- [Task requirements]:
When writing out the entries below, keep only the lines from the line with "Center and gently" to the line with "Question of the", both included, exactly as they are, and leave the pictures aside.

- [Supplied material]:
▬▬▬▬▬▬
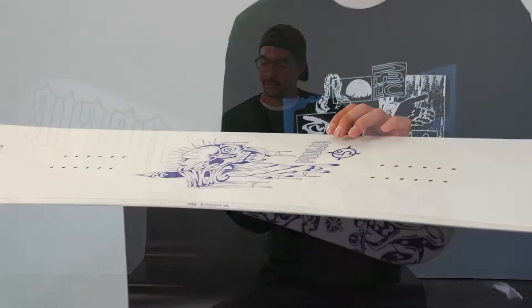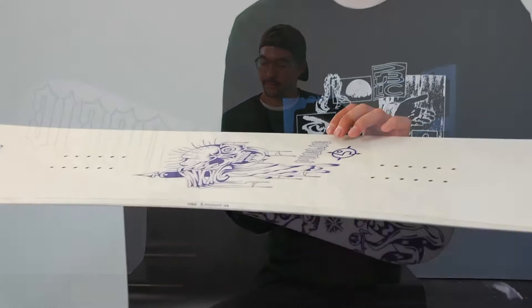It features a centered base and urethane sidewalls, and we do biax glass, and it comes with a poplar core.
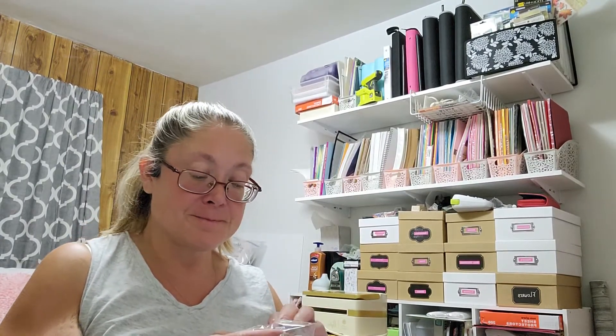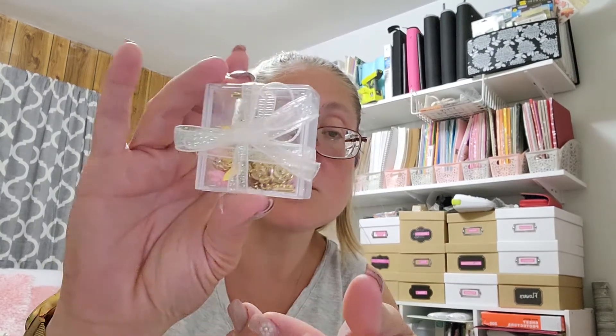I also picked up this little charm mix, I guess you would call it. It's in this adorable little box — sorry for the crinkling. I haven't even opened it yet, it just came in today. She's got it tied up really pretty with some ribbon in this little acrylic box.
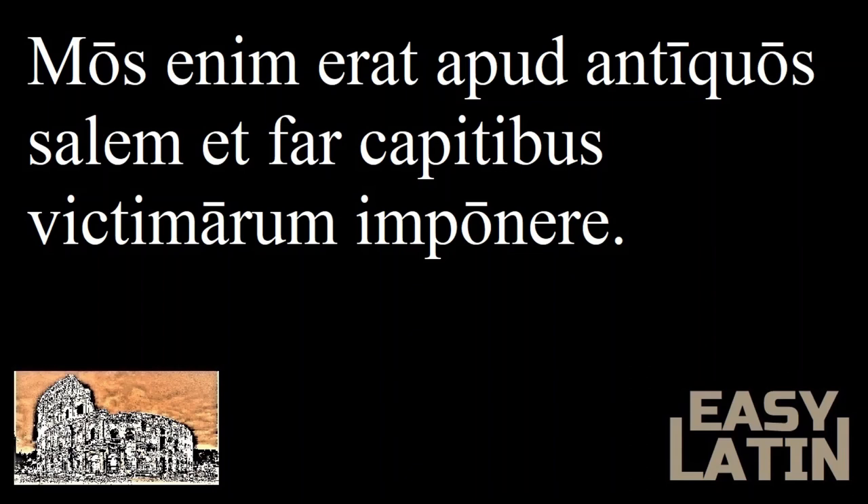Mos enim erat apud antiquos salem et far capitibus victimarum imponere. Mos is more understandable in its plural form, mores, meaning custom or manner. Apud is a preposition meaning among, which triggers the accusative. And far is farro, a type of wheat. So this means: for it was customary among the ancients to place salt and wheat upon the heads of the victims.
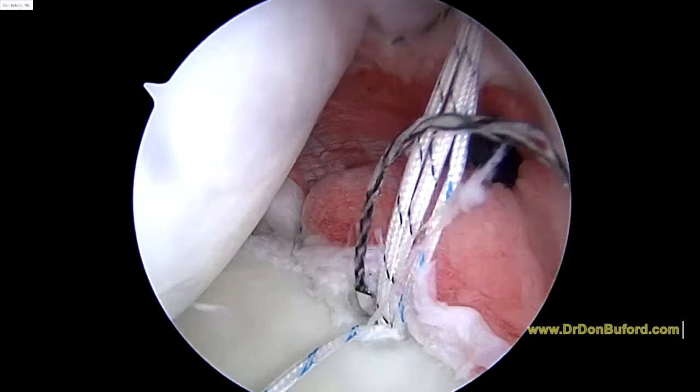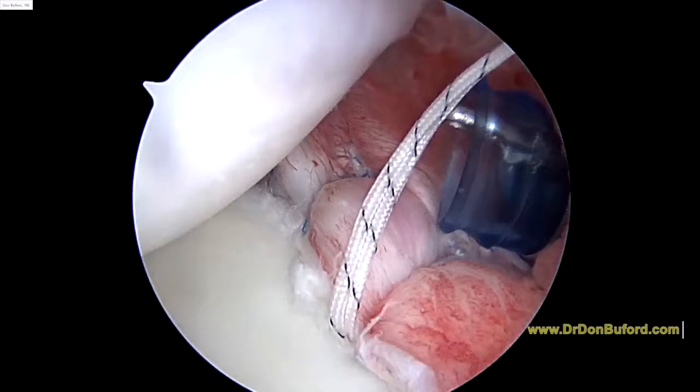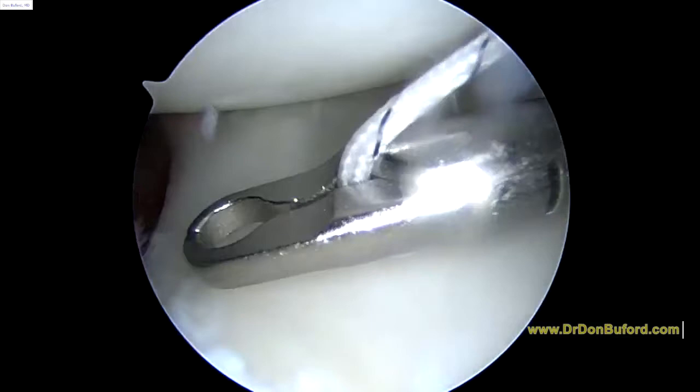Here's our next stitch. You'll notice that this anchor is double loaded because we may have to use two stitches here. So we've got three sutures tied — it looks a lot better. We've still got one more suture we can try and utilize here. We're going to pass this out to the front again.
▬▬▬▬▬▬
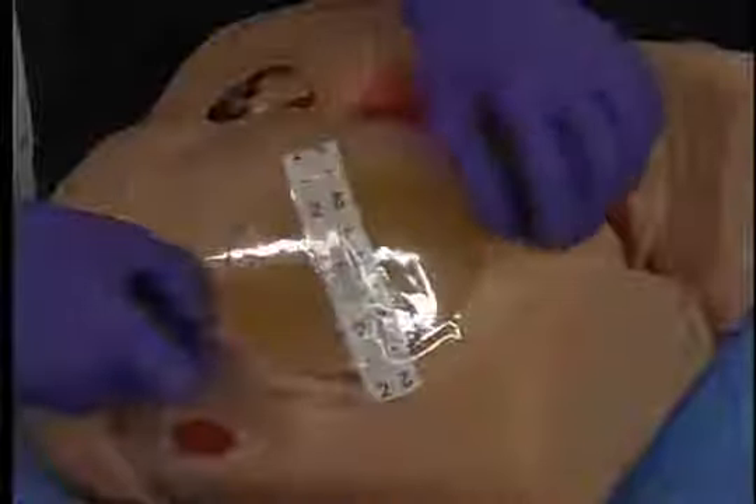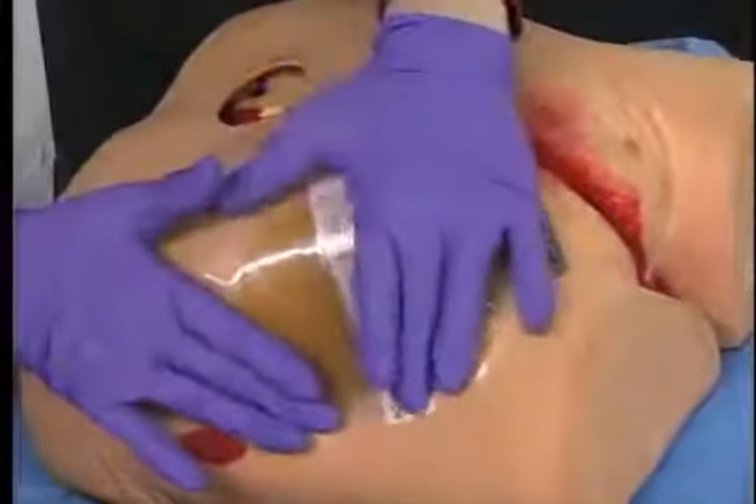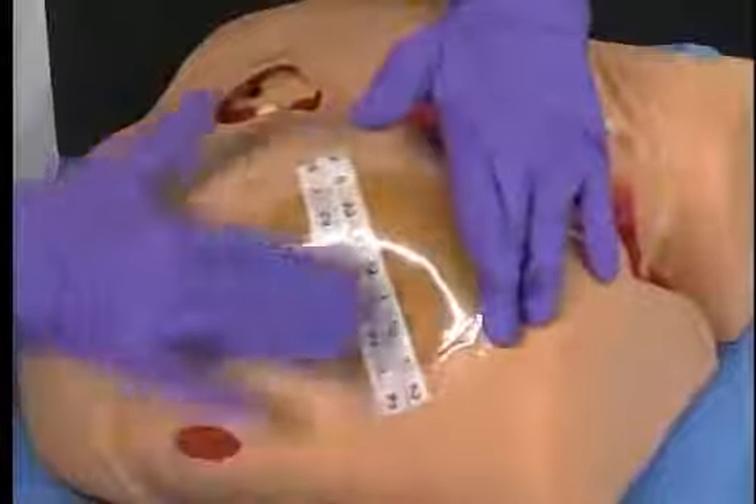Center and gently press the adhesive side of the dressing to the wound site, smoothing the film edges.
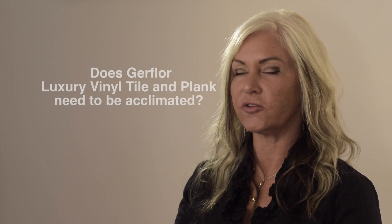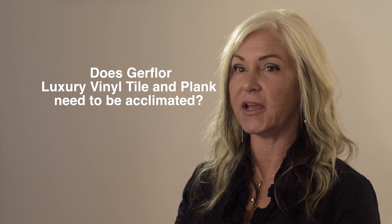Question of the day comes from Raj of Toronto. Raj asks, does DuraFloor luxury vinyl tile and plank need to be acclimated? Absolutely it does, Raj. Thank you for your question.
▬▬▬▬▬▬
- [Problem solution]:
Center and gently press the adhesive side of the dressing to the wound site, smoothing the film edges.
Question of the day comes from Raj of Toronto. Raj asks, does DuraFloor luxury vinyl tile and plank need to be acclimated? Absolutely it does, Raj. Thank you for your question.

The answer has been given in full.